Under the settlement, Collier agrees to dismiss his lawsuit and release the school system from any further liability. Collier already has signed the settlement, which says the $100,000 includes payment for personal injuries including anxiety, humiliation, pain and suffering, embarrassment, mental anguish and severe emotional distress.
In the lawsuit, Collier sought reinstatement as chief financial officer, attorneys fees, court costs and other damages. His salary -- $130,000 a year -- remained unchanged during the conflict.
In his whistle-blower suit, Collier contended that Dallemand pressured him to pay the $1 million invoice a week before a lease agreement had been signed for the Macon Promise Center on Anthony Road.
In its response to Colliers suit, the school system said it removed Collier from his CFO position for legitimate, non-retaliatory reasons, and it accused him of lying about being punished. Collier initially was made administrator on special assignment, then later named director of capital assets. A job description wasnt created for the new position until weeks later.
The settlement says Collier will be paid by Friday and that he will dismiss the lawsuit no later than next week.

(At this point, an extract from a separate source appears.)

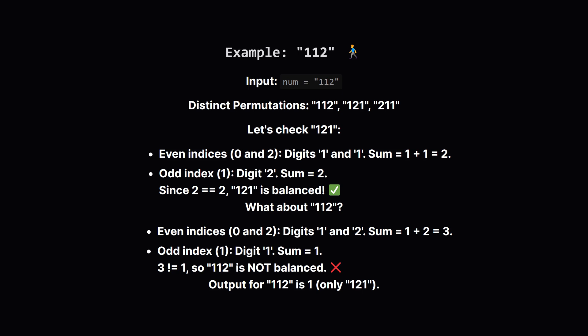Let's walk through an example. Say our input string num is 123. The unique ways to rearrange it include 123. Let's check: the digits at even positions are 1 at index 0 and 3 at index 2. Their sum is 1 plus 3, which is 4. Wait, let me recalculate: 1 plus 1 which is 2. The digit at the odd position is 2 at index 1. Its sum is just 2. Since the sum of even index digits, 2, equals the sum of odd index digits, also 2, 123 is balanced. Now consider 213: even positions have 2 and 3, sum is 5. Odd position has 1, sum is 1. 5 is not equal to 1, so 213 isn't balanced. Similarly, 312 isn't balanced either. So only 123 is a balanced permutation. The answer is 1.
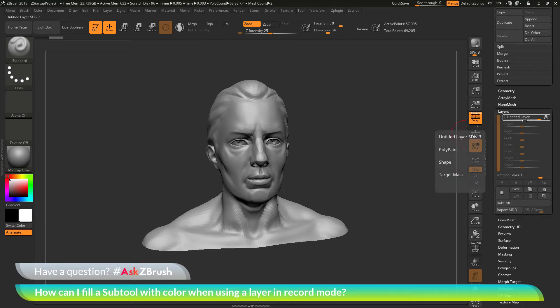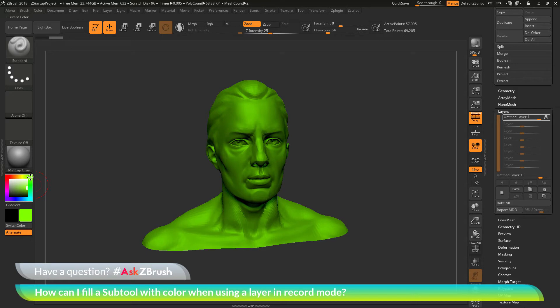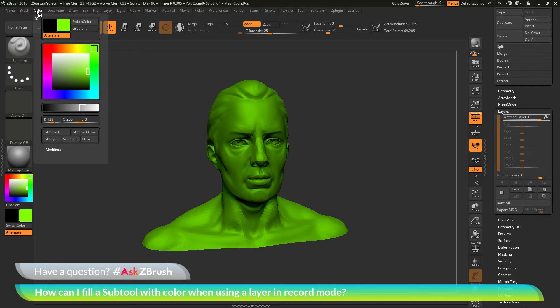My layer is active. It is in record mode. Now I want to fill the demo head with green. I'm going to come over here to my color picker and pick a green color. I'm going to go full green here. Now I'm going to go up to my color palette and click this fill object button here, which should take the color and fill the model.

The agreement also blocks both sides from making any disclosure of any kind to any person, entity, or organization concerning the terms of the agreement, including the facts of the case.
Included in the agreement, however, is a statement that says, in part, that now that this matter has been resolved, the School District and Mr. Collier look forward to working together and providing the students of Bibb County with the best education possible. In order to do so, the School District and Mr. Collier believe that it is the best interest of all concerned for this matter to be put behind them.
The $1 million payment for the Macon Promise Center was ultimately paid after the school board approved paperwork saying it was covering renovation costs at the Macon Promise Center, which will host many of the programs of the Macon Promise Neighborhood effort. The center, in the former Ballard-Hudson Middle School, is not being used by the school system. Rent payments began in April.
Colliers efforts to get injunctions against rent payments and repairs were rejected when a judge said the Promise Center lease agreement supported a bond issue that couldnt legally be challenged because it already had been validated by a court.
Colliers lawsuit was one of the highest-profile legal legacies of Dallemands administration. A lawsuit by former school board President Gary Bechtel, alleging Dallemand released his sons personal information deliberately, is still pending.
Hudson told reporters the school system has now wrongly focused on settling lawsuits and bringing new people aboard. Dallemand himself was bought out of his months-old contract for $350,000.
Asked whether Collier was properly demoted, Hudson said he didnt consider a job change at the same pay to be a demotion. Asked whether Dallemand had properly changed Colliers job, Hudson said only, that was within his prerogative.
Board President Wanda West also wouldnt say whether Collier was properly demoted.
The majority of the board has agreed to move on, she said.